Yi can’t be more than a situational pick because of the sheer amount of things that can just make a Yi completely useless. But there could be a legitimate place in professional play for him right now (he’ll actually get stronger on 5.8 with the BoRK changes), and if SKT in particular make it to MSI, expect him to show you the path.

ADC: TRISTANA

This isn’t the first time I’ve talked about Tristana’s role in the current meta – in fact, if you look to the box to your right, you’ll see an entire article on it listed. The TL;DR of that piece is that Tristana is limited as a hyper-carry, particularly in this meta, and instead thrives on her ability to annihilate towers and split-push in the mid game. 

Rather than repeating the specifics of why, let’s talk about why we’d see a champion like that. The predominant meta compositions right now are based on scaling ADCs, scaling mid-laners, lots of disengage, and sometimes a splitpush threat to make use of that disengage and give an out against the other team taking the advantage. 
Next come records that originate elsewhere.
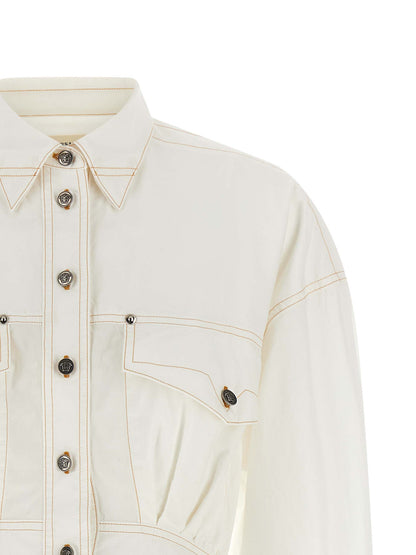 Dress by Versace for women in cotton white showcases a striking silhouette, elegantly detailed with a , refined , and a striking short for a striking finish.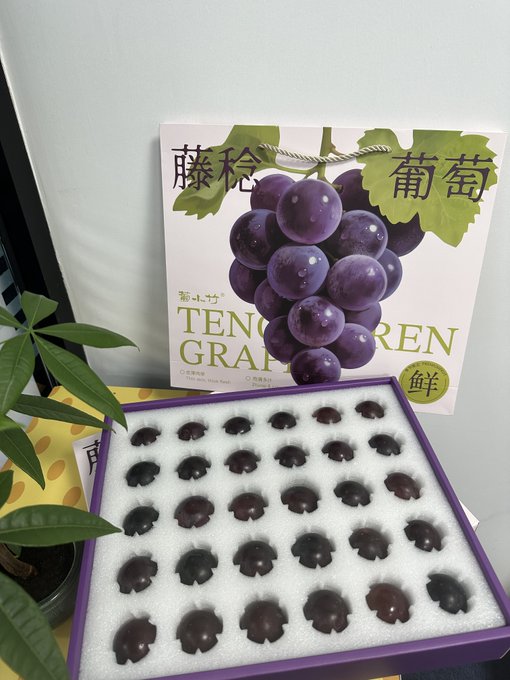 A purple gift box contains individually arranged dark purple grapes in foam padding, displayed in front of a card labeled 'TENGU GRAPES' with Japanese characters and an illustration of grapes.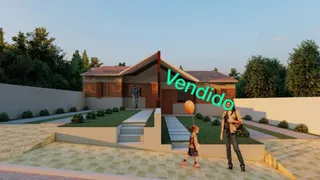Exterior da casa residencial em Lajeado, Brasil, com paisagismo frontal.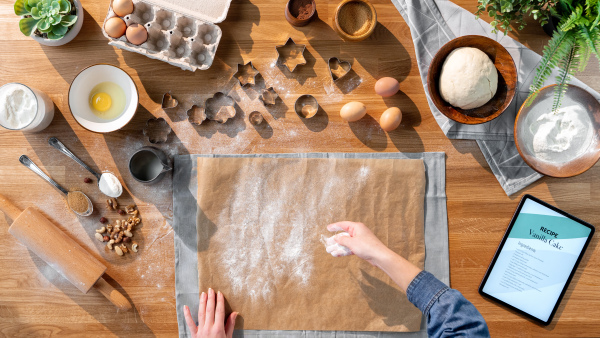 A top view of unrecognizable woman baking biscuits, desktop concept.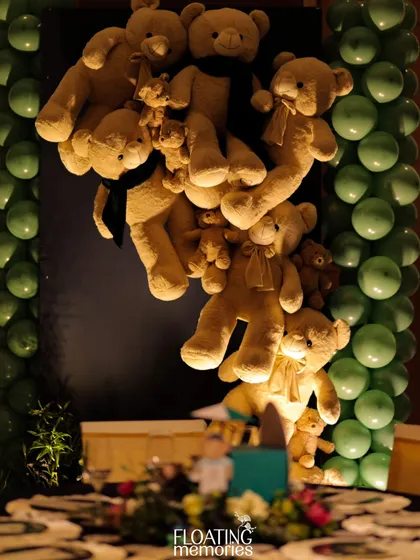 A whimsical installation of teddy bears appears to be climbing a wall next to a column of green balloons. This playful and eye-catching decor element was a favorite among both children and adults at the party.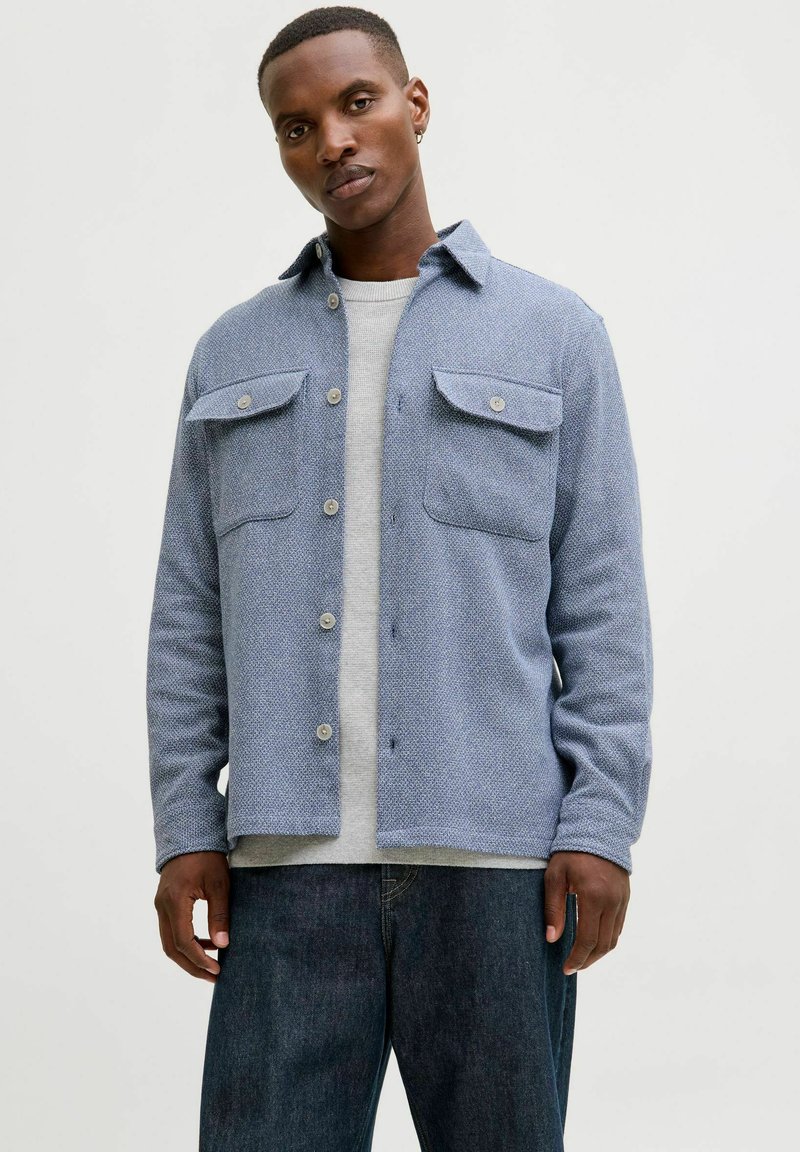 Blå teksturert skjorte med knappelukking og to brystlommer, kombinert med en grå genser under og mørke denimjeans. Casual design.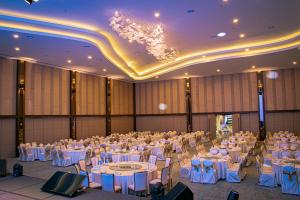 un gran salón de banquetes con mesas y sillas blancas en Theatre Hotel en Kuching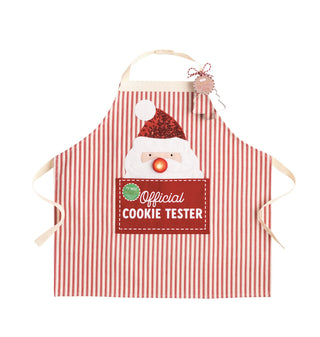 A red-and-white striped holiday apron featuring a Santa Claus graphic and a large front pocket that reads "Official COOKIE TESTER."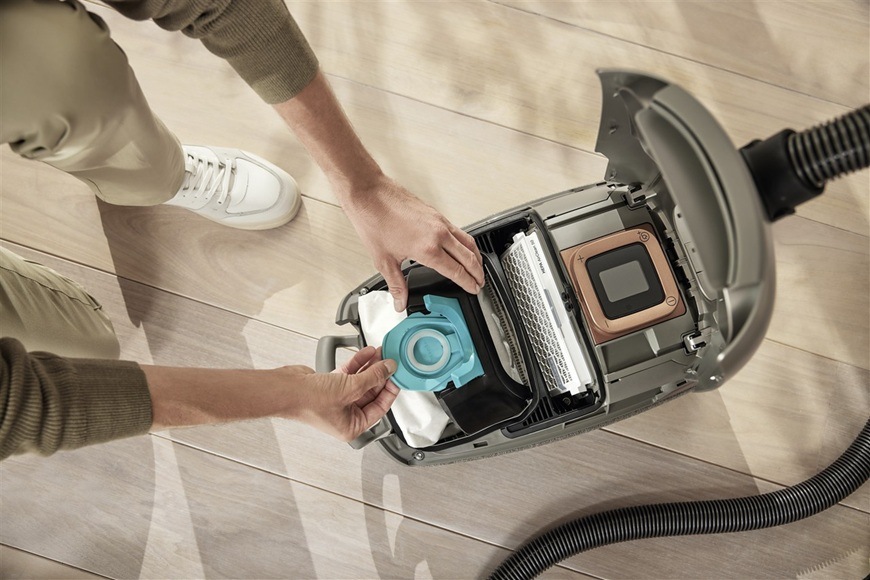 Vrecká pre vysávače Miele TU XL HyClean Pure (8 ks) Muž vymieňa vo vysávači Miele sáčok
The natural counter to a scaling composition is a composition that can put pressure on it before it scales. In theory, you’d think that’d mean picking off targets. The problem is that, with heavy use of the likes of Lulu, Morgana, Janna, and the like, there are sufficient shields and peel to make even picking off a target in the mid-game a dicey proposition. 

With picks denied, teams have to fall back on out-rotating their opponents, forcing responses at pressure points (towers and dragon), and maybe attempting to siege with and against certain picks. Two picks stand out in particular as useful for enabling that counter-meta style – Sivir and Tristana. While Sivir can’t take down towers as quickly as you’d like, and Tristana can’t bring the mobility to a team in its totality (and can’t fast-push unaided in a 2v0 or 2v1 as effectively due to her mediocre early waveclear), they on the whole have exactly what you want from a team in that rotational style.
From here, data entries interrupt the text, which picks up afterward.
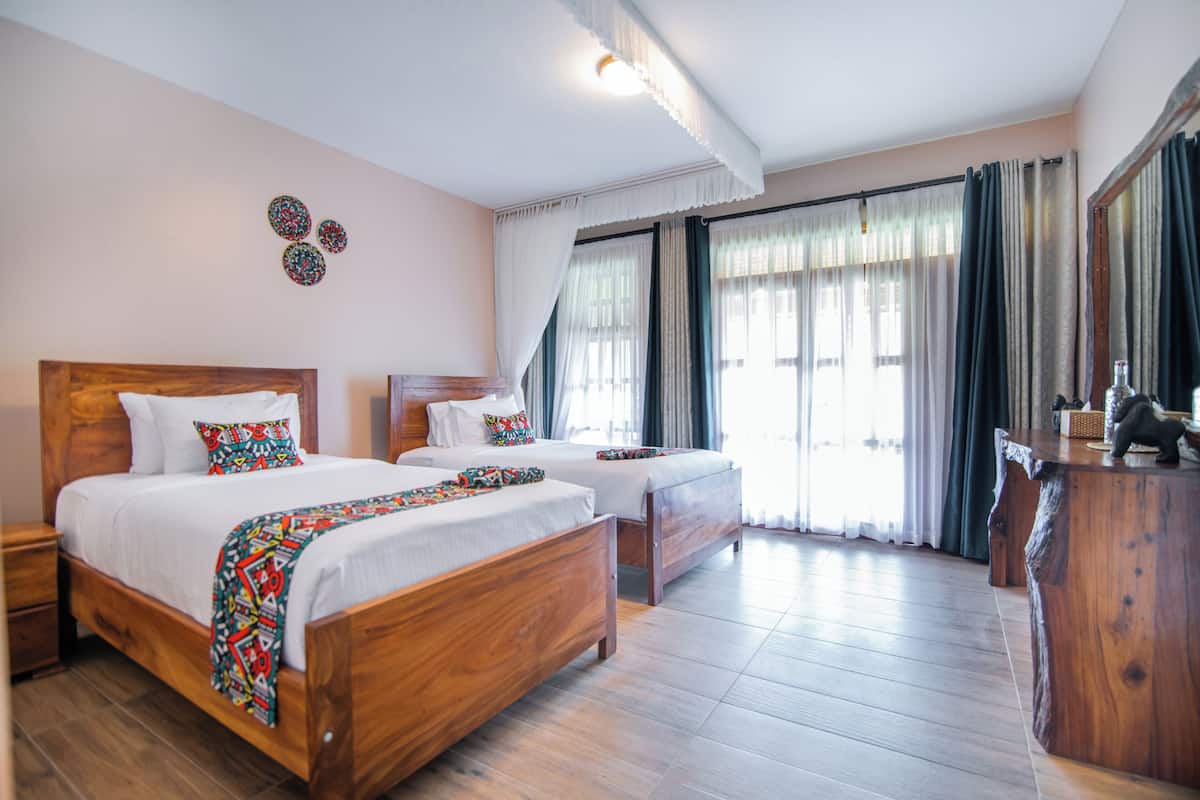Habitación Deluxe con 1 cama doble o 2 individuales | 2 dormitorios, minibar (con algunos artículos gratuitos), caja fuerte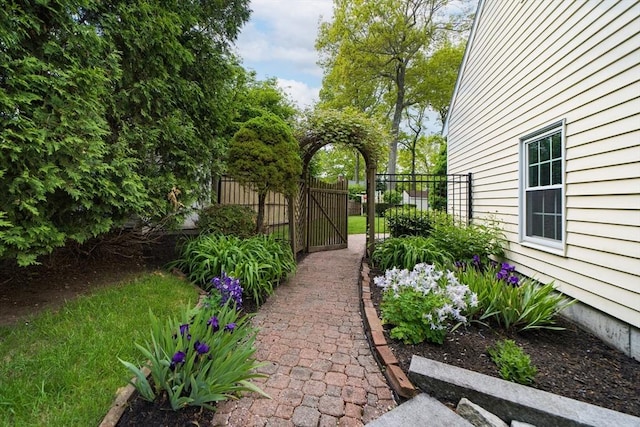 view of yard featuring fence and a gate
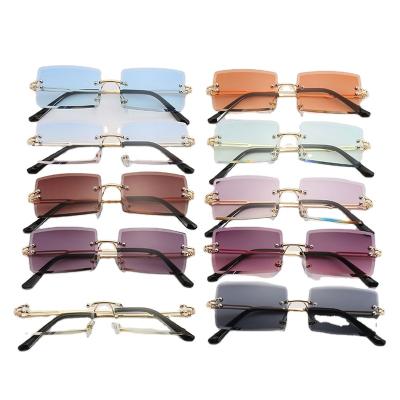 China 2021 Fashion Sunglasses Style The New Square Small Rectangle Sunglasses Rimless Sun Glasses Shading Hot Sales for sale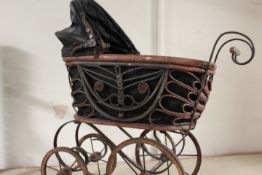 A SMALL VINTAGE BENT IRON AND WICKER DOLLS PRAM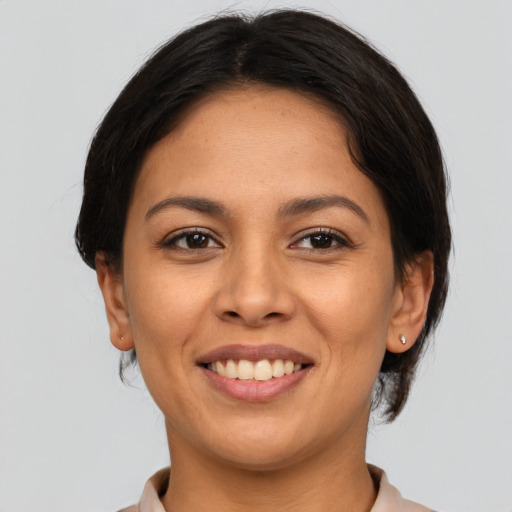 Joyful latino young-adult female with medium  brown hair and brown eyes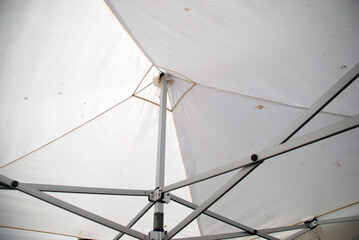 An iron structure supporting the tarpaulin canopy. A metal structure of various rails and joints holds a white tarpaulin awning in the form of quadrangular primaids.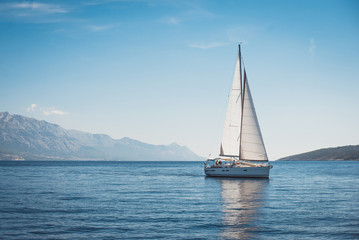 Sailing yacht in the sea against the backdrop of mountains - obrazy, fototapety, plakaty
Sivir will be a priority pick at MSI, because she brings value to hard-engage compositions as well as rotational ones. Tristana, however, won’t – but if teams can grasp what she does, she might be good for an upset or two. She certainly brought Reason Gaming close enough to it in the Promotion Tournament last week, although perhaps the necessary chaos that it took for the pick to work won’t be there against the world’s best.

SUPPORT: NAMI

While Nami has some strengths that are just straight-up unlikely to be harnessed well with the meta being how it is (in particular, her desirability in a 2v2 and her operation in a ‘bully lane’), there’s still some things to like about Nami. She offers a decent amount of sustain both in lane and in teamfights, she can help kite for otherwise vulnerable carries both through her bubble and tidal wave and through the slow applied by her Tidecaller’s Blessing, and so on. 
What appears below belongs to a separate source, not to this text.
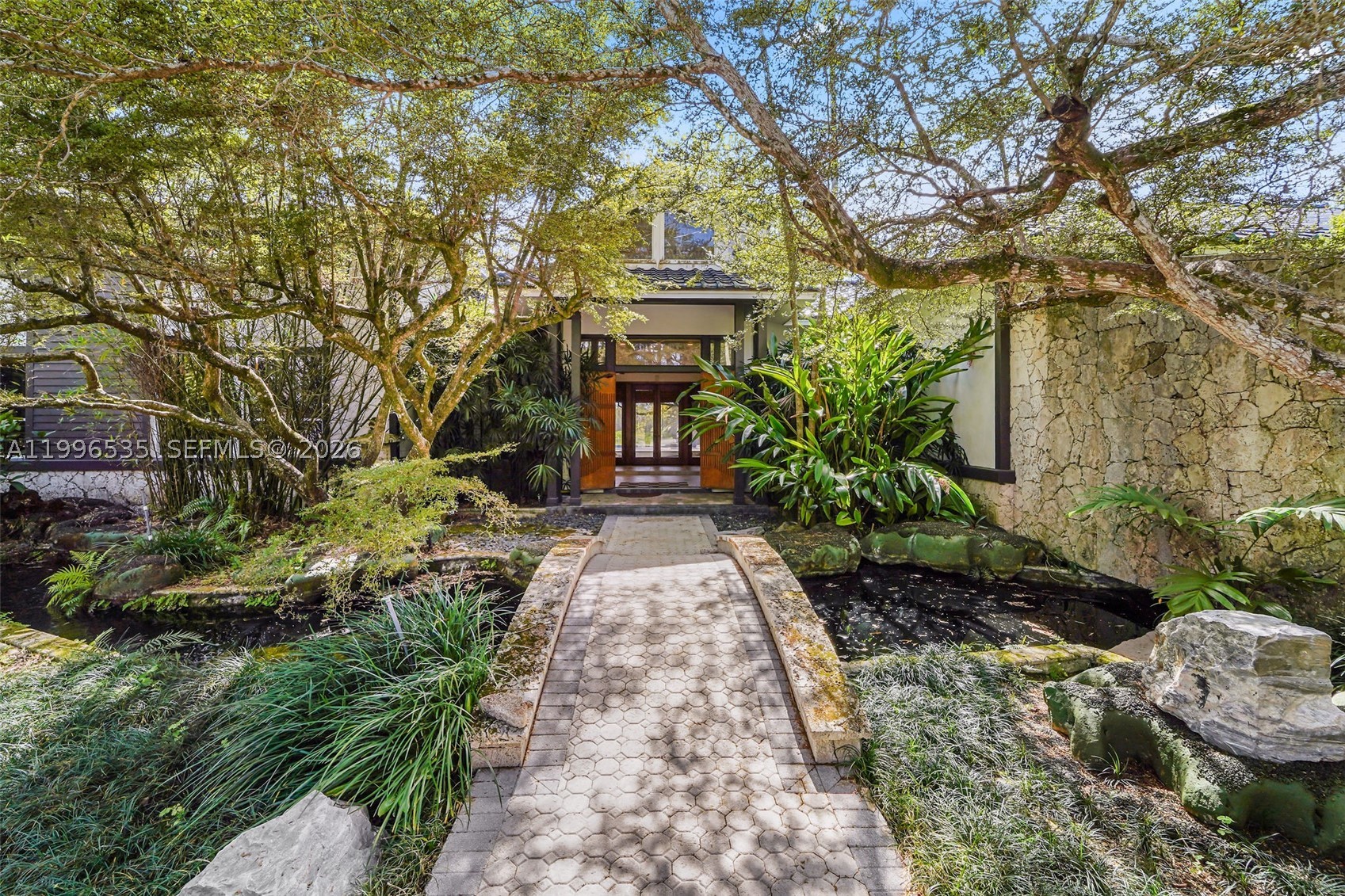 Tucked away in the heart of the Redlands, this private estate spans just over 4 acres of agriculturally zoned land surrounded by mature landscaping and a tranquil Japanese-inspired garden complete with a bridge, cascading water feature, and koi stream. The residence offers 4 bedrooms, 5 full bathrooms, and a newly renovated half bath, with expansive living spaces featuring soaring ceilings, a coral rock fireplace, an updated kitchen, formal dining room, spacious family room, and views overlooking the courtyard and pool. Each bedroom offers direct exterior access, while covered terraces, a large screened patio, game room with bar, built in BBQ, and a newly constructed pickleball court create an exceptional indoor outdoor lifestyle. The grounds are a true tropical oasis, featuring approximately 110 avocado trees, 2 mango trees, 3 lychee trees, 6 star fruit trees, 1 loquat tree, and wild guava growing throughout the property, providing both agricultural value and an incredible variety of homegrown fruit. With its distinctive architecture, private setting, income producing grove, and endless possibilities, this exceptional estate presents a rare opportunity for end users, investors, or anyone seeking a one of a kind South Florida retreat.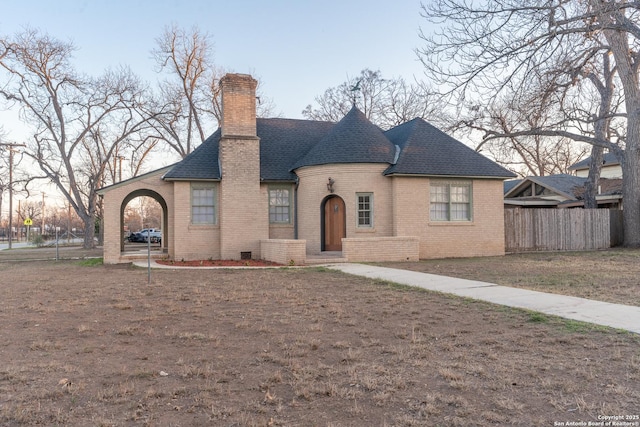 view of front of property featuring fence, roof with shingles, a chimney, a front lawn, and brick siding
Her problem is, like so many other underplayed supports, that she just doesn’t fit exactly enough with what teams want to do. It’d be a surprise to not see her, though, if only on account of the priority that teams right now are given to put on disengage in the pick-ban phase. There is, after all, a reason we see certain picks like Janna time and time again, and even started seeing bans against them at points in this season – they offer extremely unique utility in their kits that is more difficult to replicate than, say, for engage supports (as evidenced by the constant experimentation by teams with oddities like Sion, Syndra, and Sejuani, and the outright slotting into the mainstream of Nautilius and Kennen).

In addition, with her rare combination of disengage on a genuine lane bully, and the favour given to ADC picks like Kalista and Urgot by certain regions (particularly Korea and China), we could see Nami reached to as a comfortable alternative when a 2v2 is unavoidable. Again: it’s unlikely to be anyone’s proactive choice, but we’ll see it.